**TASK GOAL**
Identify all lines in the data containing the string "Pink". Copy them out.

**INPUT DATA**
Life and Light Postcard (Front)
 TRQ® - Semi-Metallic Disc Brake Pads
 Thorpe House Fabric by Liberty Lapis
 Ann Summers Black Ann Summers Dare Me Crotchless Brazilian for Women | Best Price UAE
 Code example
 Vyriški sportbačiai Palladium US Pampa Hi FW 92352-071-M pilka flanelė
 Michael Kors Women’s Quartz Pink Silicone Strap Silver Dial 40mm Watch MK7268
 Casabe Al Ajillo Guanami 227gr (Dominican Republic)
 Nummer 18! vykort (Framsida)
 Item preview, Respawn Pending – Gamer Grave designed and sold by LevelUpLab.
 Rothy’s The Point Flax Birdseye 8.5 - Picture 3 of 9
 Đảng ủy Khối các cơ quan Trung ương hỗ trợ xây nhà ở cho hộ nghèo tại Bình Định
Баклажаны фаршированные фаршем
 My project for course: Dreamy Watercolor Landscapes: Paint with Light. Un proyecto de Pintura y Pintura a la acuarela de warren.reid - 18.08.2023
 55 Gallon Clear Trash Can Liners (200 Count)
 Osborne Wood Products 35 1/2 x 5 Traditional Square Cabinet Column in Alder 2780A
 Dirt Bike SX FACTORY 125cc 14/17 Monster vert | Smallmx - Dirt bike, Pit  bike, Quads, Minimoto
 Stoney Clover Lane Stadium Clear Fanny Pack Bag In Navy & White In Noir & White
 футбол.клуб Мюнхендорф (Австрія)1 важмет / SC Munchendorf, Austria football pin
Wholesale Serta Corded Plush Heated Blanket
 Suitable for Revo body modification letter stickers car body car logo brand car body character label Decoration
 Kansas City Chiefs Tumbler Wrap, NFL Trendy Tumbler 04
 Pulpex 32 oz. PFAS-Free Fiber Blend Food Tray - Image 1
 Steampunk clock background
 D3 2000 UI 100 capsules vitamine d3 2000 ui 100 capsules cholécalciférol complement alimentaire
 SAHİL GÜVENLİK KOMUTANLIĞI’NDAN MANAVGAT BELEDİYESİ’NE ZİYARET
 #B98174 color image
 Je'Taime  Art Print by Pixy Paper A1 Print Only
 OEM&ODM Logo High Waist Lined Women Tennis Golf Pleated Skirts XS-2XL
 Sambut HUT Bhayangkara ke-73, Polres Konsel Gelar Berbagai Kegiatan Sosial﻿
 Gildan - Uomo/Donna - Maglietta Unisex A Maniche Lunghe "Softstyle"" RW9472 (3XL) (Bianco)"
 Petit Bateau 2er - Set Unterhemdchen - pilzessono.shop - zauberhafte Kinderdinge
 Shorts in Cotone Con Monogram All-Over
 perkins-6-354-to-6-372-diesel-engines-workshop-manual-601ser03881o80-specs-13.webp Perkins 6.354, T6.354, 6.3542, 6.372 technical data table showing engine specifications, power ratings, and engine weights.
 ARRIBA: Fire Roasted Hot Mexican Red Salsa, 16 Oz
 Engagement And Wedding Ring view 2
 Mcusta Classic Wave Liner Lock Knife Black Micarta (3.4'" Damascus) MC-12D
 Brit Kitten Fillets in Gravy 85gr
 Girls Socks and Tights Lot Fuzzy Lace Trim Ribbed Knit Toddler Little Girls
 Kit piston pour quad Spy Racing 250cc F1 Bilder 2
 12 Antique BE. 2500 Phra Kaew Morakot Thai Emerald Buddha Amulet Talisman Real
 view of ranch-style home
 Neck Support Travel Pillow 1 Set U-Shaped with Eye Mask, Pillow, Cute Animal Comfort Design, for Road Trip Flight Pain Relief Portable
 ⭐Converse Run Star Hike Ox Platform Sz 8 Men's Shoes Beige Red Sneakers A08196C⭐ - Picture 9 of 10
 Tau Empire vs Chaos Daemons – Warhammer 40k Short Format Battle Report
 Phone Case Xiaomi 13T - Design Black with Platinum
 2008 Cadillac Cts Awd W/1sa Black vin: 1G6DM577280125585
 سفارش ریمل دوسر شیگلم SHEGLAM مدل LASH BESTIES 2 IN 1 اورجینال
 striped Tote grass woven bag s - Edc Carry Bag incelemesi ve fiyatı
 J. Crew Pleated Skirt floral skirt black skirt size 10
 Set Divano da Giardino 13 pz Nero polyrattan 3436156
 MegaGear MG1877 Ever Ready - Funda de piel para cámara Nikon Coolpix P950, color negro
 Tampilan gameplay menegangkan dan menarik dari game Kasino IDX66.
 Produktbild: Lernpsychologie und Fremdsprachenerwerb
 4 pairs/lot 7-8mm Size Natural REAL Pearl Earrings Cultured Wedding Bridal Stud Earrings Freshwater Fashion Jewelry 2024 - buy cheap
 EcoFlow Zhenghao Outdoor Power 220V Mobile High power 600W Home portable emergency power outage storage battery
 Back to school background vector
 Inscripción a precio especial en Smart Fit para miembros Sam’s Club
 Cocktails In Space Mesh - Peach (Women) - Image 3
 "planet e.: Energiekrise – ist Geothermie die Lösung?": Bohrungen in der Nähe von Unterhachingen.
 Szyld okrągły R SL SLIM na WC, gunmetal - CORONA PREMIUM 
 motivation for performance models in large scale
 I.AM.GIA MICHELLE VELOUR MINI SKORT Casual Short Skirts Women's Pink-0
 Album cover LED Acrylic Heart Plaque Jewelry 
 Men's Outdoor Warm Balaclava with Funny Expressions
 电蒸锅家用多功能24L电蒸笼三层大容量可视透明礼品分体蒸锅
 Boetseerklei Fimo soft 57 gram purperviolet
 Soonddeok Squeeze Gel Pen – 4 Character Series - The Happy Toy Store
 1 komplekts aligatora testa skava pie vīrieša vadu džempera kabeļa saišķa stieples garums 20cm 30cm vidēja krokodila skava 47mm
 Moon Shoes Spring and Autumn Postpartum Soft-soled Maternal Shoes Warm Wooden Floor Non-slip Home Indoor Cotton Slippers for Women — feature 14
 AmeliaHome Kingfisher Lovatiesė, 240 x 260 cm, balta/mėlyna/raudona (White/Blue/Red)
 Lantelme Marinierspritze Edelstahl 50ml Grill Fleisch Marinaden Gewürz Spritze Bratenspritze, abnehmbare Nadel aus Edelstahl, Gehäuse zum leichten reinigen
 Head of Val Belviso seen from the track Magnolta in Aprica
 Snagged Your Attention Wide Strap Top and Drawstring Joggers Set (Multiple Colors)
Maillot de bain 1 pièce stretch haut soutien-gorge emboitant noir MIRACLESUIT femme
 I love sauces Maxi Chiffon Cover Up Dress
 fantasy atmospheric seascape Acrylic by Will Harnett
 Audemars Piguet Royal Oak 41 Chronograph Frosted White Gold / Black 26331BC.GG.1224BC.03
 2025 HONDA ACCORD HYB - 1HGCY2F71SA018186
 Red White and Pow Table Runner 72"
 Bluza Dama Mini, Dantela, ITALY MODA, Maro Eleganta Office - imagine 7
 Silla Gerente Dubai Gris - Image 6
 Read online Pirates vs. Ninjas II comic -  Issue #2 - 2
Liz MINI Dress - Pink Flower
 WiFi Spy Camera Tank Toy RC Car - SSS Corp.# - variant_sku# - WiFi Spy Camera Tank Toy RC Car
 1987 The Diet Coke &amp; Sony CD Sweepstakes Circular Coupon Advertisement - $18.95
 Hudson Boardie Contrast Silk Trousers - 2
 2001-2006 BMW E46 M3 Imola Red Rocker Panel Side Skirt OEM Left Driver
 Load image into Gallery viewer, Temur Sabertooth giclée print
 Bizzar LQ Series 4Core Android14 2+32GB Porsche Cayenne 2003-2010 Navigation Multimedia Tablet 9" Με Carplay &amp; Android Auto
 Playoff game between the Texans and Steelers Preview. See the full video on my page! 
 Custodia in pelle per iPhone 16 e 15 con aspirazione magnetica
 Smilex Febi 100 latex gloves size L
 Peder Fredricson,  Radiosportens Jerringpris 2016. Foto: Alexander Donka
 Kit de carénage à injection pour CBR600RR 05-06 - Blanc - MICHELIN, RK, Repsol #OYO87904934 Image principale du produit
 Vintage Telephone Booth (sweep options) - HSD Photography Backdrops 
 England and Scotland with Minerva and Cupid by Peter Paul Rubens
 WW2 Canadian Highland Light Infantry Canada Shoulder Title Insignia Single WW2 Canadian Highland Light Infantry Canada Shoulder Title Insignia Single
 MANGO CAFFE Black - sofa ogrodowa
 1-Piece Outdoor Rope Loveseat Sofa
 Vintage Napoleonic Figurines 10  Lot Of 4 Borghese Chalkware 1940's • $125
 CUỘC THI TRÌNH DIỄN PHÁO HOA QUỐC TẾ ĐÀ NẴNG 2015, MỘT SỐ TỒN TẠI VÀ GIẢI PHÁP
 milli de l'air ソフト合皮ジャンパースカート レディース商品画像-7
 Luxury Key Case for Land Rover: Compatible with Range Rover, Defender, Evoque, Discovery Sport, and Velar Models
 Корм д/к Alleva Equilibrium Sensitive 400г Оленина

**OUTPUT BELOW**
 Michael Kors Women’s Quartz Pink Silicone Strap Silver Dial 40mm Watch MK7268
 I.AM.GIA MICHELLE VELOUR MINI SKORT Casual Short Skirts Women's Pink-0
Liz MINI Dress - Pink Flower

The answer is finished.